## Exercise inputs
----

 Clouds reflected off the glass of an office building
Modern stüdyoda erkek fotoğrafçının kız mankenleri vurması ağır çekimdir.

----

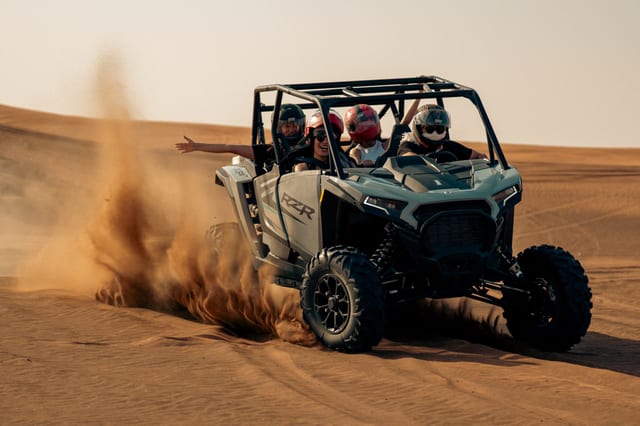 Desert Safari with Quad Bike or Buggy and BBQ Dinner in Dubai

----

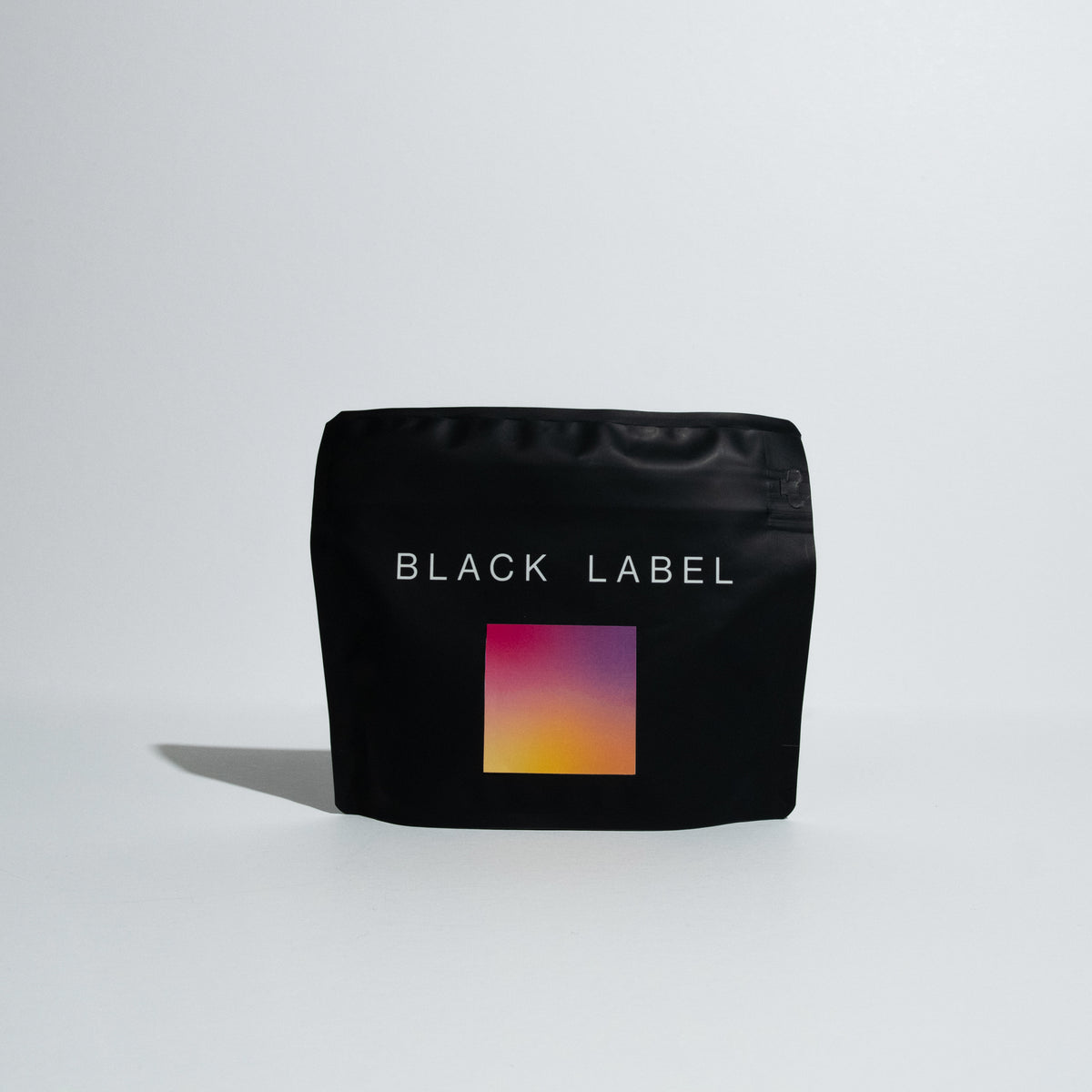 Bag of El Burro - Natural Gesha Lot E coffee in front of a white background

----

## Exercise requirements
Copy, exactly and only, the lines above that begin with the one containing "Clouds reflected off" and finish with the one containing "Modern stüdyoda erkek".

## Output
 Clouds reflected off the glass of an office building
Modern stüdyoda erkek fotoğrafçının kız mankenleri vurması ağır çekimdir.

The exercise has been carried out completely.